Goal of the exercise: Exclude all pictures from your copy of the data below, which should otherwise match exactly.

+++ Collected material +++

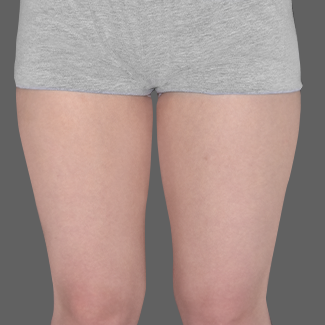 Thigh before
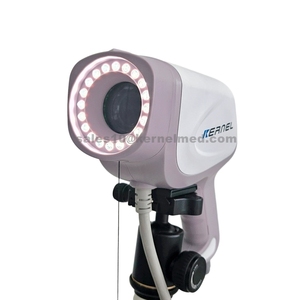 Kn2200i HD video kỹ thuật số <span class=keywords><strong>colposcope</strong></span> với <span class=keywords><strong>CE</strong></span> Mark cho âm đạo cổ tử cung phụ khoa kiểm tra - Product Image 4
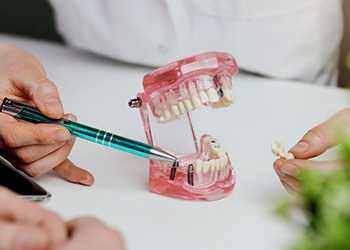 Dentist pointing with pen to implant posts in model jaw with sample dental bridge in other hand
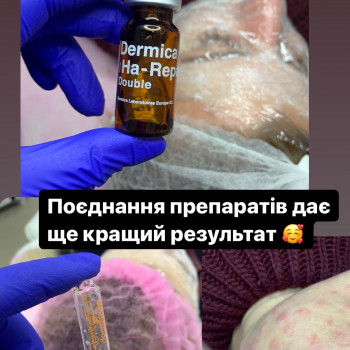 Марія Назарчук, Рівне Фото - 18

+++

Task answer:
 Thigh before
 Kn2200i HD video kỹ thuật số <span class=keywords><strong>colposcope</strong></span> với <span class=keywords><strong>CE</strong></span> Mark cho âm đạo cổ tử cung phụ khoa kiểm tra - Product Image 4
 Dentist pointing with pen to implant posts in model jaw with sample dental bridge in other hand
 Марія Назарчук, Рівне Фото - 18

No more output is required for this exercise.